The AR6 WGI presents current evidence of changes in the climate, including, but not limited to, the following: Global average surface temperature in 2011-2020 increased by approximately 1.0oC above the preindustrial period of 1850-1900; heatwaves have occurred more often and with greater intensity since the 1950s, while cold extremes have occurred less often in the same time period; scientists have high confidence that there has been a global increase in co-occurring droughts and heatwaves since 1950; terrestrial global average precipitation has increased, as has the frequency of heavy precipitation events; Arctic sea ice has decreased, while Antarctic sea ice has remained largely unchanged.
The AR6 report reinforces earlier IPCC scientific assessments that human activities are the primary driver of many of these observed changes. The new report concludes, “It is unequivocal that human influence has warmed the atmosphere, ocean, and land.” While climate change is the result of human and natural climate drivers, greenhouse gases (GHGs) emitted by human activity have had the greatest effect, including the observed increase in global average surface temperature.
Since the release of the 2014 IPCC Fifth Assessment Report (AR5), information on climatic change has continued to accumulate, supporting greater scientific certainty regarding some aspects of this change. As the AR6 WGI Summary for Policy Makers states, “Evidence of observed changes in extremes such as heatwaves, heavy precipitation, droughts, and tropical cyclones, and, in particular, their attribution to human influence, has strengthened since AR5.”

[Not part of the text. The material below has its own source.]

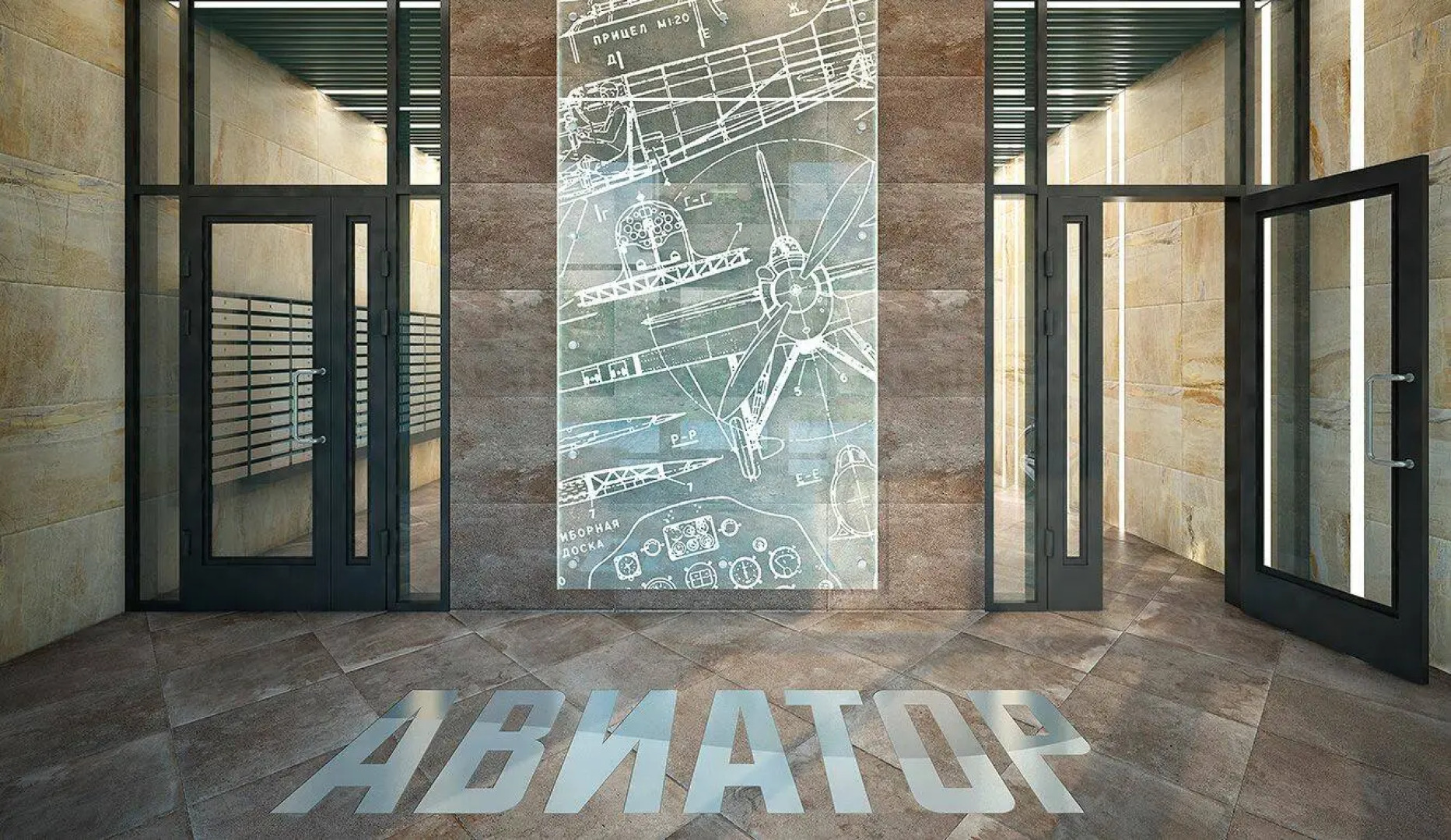 Квартира 1 кк квартира Travel Art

The AR6 WGI provides five emissions scenarios based on a wide range of assumptions about the future, covering socioeconomic behavior, technologies and resources, and possible efforts to mitigate GHG emissions, deforestation, air pollution, and other contributors to climate change. The two highest GHG emissions scenarios are associated with mean projected temperature increases of greater than 3.5oC (all increases are for the period 2081-2100 relative to 1850-1900). Mean projected temperature increases for the two lowest GHG emissions scenarios are below 2oC. A middle scenario, which some associate as closest to current policy trajectories, has a best-estimate increase of 2.7oC. The two lowest emissions scenarios are both based on net-zero carbon dioxide (CO2) emissions (CO2 emissions entirely offset by CO2 removals) after 2050, and thereafter negative emissions, in which CO2 removals are greater than CO2 emissions and the concentration of CO2 in the atmosphere decreases. Net-zero CO2 emissions and negative CO2 emissions do not occur in the other, higher emissions scenarios. Only the two lowest GHG emissions scenarios, with substantial GHG mitigation assumed, result in stabilizing the increase in global mean temperature, while the other emissions scenarios are still on an ascending temperature trajectory at 2100.

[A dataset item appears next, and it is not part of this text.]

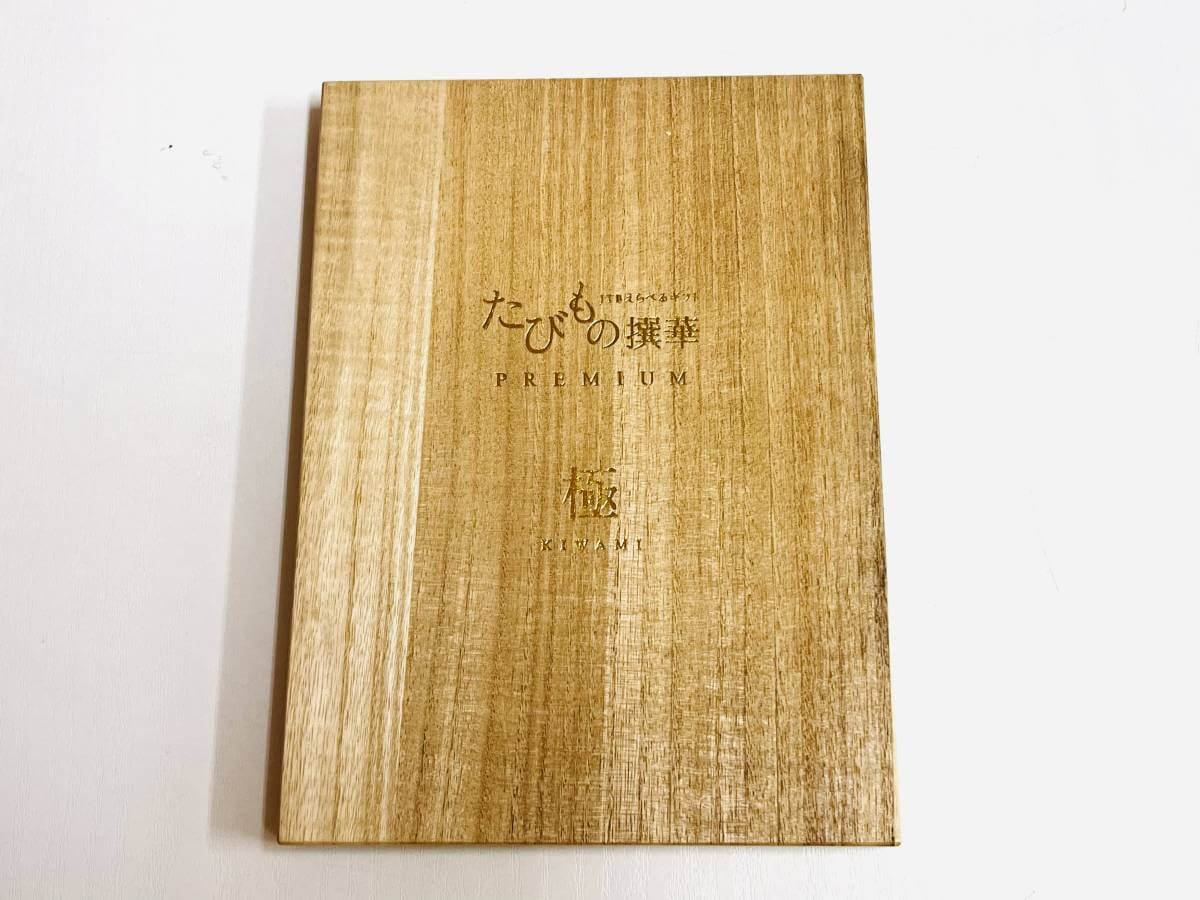 JTB えらべるギフト たびもの撰華プレミアム極を東京都から宅配買取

The AR6 WGI states the physical science basis of limiting climate change: “From a physical science perspective, limiting human-induced global warming to a specific level requires limiting cumulative CO2 emissions, reaching at least net zero CO2 emissions, along with strong reductions in other greenhouse gas emissions.” Congress may wish to exercise its oversight authorities in examining national progress toward fulfilling the updated U.S. Nationally Determined Contributions (NDCs) to mitigating climate change and consider options for shaping and funding the U.S. approach to the Paris Agreement commitments.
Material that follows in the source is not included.